Qadabra runs several differential abundance tools on the same dataset.
The features are ranked according to their association with the given metadata covariate.
The top and bottom features are then used to create log-ratios according to [Morton 2019](https://doi.org/10.1038/s41467-019-10656-5) and [Fedarko 2020](https://github.com/biocore/qurro).
These log-ratios are used as predictors in logistic regression models to predict the class given the log-ratio.

### Output

Qadabra generates many results files including many intermediate files that can be explored further.

#### Results

Each tool's output is stored in a separate subdirectory.
For the R tools, an RDS object with the tool's R data is saved.
The raw outputs are processed and concatenated into a file called `concatenated_differentials.tsv`.
A Qurro visualization of all the tool ranks is generated at `results/<dataset>/qurro/index.html`.
An interactive table with all the tool outputs is at `results/<dataset>/differentials_table.html`.

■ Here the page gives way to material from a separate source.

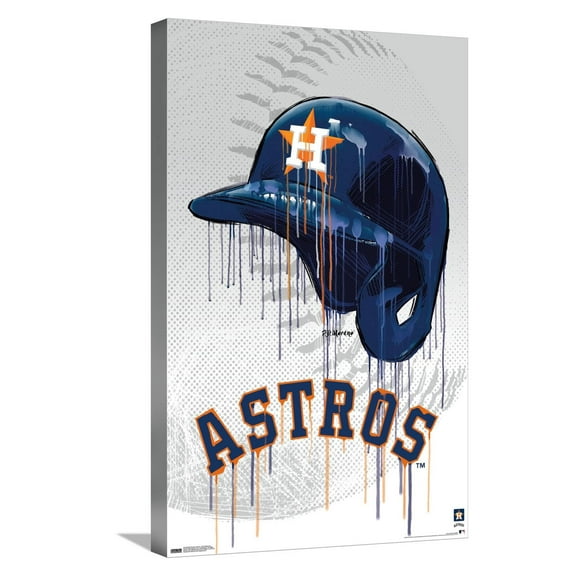 MLB Houston Astros - Drip Helmet 22 Canvas Wall Poster, 14.725" x 22.375"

For each tool, the ranked features are used for machine learning models.
The `config.yaml` file enumerates the percentile of feats to use for log-ratios.
For example, at the 5% percentile, the top 5% of features and the bottom 5% of features associated with `covariate` are used to compute a log-ratio for each sample.
This log-ratio is used in repeated K-fold cross-validation to determine how well this log-ratio can predict class membership using logistic regression.
The `ml` subdirectory of each tool contains the features used, sample log-ratios, and compressed model objects.

#### Figures

The differential rank plots of each tool are plotted as `<tool_name>_differentials.svg`.
A heatmap of the pairwise Kendall rank correlation among all pairs of tools is available as well.
We also generated interactive plots to help compare the ranks of different features from the tools.
`figures/pca.svg` generates a PCA plot of all the features, showing the concordance and discordance of results as well as the contribution of the tools.
You can use the `figures/rank_comparisons.html` webpage to dynamically explore the relationship between pairs of tools.
The `upset` subdirectory contains [UpSet](https://doi.org/10.1109%2FTVCG.2014.2346248) plots comparing the features from each tool.
Finally, the `roc` and `pr` subdirectories contain ROC and PR (respectively) plots of all tools at each percentile of features.